Content starts
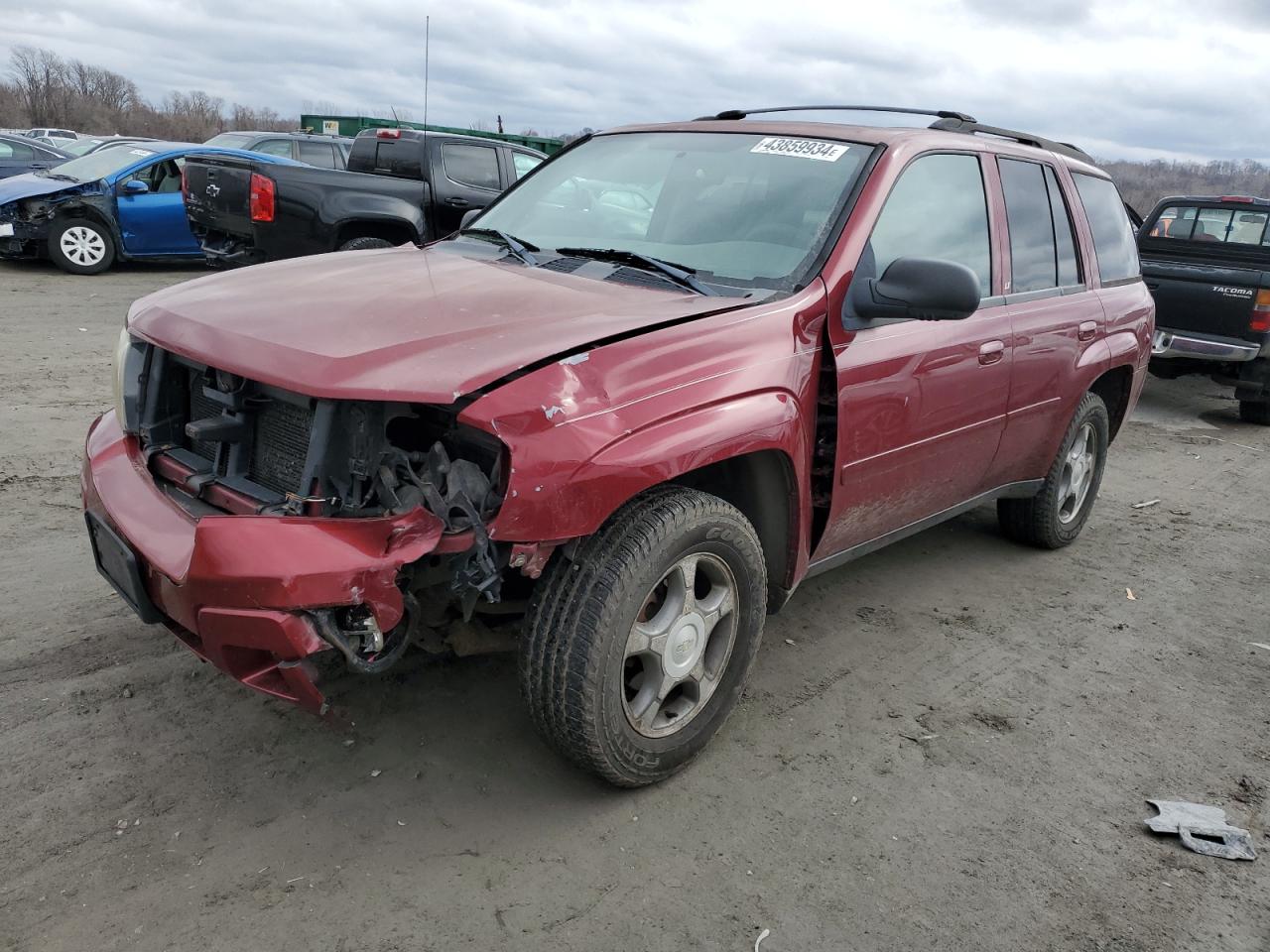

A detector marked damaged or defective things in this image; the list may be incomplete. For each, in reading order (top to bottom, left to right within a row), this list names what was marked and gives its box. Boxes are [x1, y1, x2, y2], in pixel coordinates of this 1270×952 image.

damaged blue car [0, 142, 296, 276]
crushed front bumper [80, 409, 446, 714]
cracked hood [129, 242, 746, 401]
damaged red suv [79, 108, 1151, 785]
Content ends
▸ **Task to carry out**:
When you copy the data, keep every line exact and leave out each picture.

▸ **Output below**:
A detector marked damaged or defective things in this image; the list may be incomplete. For each, in reading order (top to bottom, left to right within a row), this list names what was marked and gives its box. Boxes are [x1, y1, x2, y2], in pixel coordinates of this 1270×952 image.

damaged blue car [0, 142, 296, 276]
crushed front bumper [80, 409, 446, 714]
cracked hood [129, 242, 746, 401]
damaged red suv [79, 108, 1151, 785]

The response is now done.